→ WHAT THE TASK ASKS: Where a line in the entries below contains the word "Print", count it. Return the total alone.
────────
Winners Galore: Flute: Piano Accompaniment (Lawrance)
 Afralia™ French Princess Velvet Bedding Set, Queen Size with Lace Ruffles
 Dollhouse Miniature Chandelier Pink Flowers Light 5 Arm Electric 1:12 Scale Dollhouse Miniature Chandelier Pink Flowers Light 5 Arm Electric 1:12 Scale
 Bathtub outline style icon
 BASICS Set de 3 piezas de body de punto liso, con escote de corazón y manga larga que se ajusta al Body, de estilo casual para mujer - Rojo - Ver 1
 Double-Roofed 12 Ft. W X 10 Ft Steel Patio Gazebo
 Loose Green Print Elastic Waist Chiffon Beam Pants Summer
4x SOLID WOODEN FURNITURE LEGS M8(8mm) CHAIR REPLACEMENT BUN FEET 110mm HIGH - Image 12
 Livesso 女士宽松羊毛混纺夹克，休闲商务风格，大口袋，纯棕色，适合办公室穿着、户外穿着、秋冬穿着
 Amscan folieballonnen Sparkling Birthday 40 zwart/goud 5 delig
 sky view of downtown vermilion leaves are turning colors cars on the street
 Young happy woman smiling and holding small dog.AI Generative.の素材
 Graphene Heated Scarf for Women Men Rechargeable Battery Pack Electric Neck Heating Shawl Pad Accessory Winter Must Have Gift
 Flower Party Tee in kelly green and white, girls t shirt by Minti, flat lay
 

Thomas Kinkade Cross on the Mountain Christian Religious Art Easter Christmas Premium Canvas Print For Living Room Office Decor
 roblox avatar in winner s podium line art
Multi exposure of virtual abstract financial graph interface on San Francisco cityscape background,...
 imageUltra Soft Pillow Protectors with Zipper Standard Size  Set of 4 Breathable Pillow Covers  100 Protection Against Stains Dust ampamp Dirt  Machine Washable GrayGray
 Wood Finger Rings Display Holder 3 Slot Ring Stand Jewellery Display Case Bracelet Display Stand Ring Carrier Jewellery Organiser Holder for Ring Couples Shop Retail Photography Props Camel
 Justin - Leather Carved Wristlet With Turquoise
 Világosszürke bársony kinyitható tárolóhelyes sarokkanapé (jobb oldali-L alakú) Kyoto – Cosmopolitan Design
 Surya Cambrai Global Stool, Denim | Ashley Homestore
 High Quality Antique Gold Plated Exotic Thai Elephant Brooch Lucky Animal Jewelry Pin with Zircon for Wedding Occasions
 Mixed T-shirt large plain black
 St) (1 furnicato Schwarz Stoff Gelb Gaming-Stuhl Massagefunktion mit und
────────
→ EXPECTED OUTPUT: 2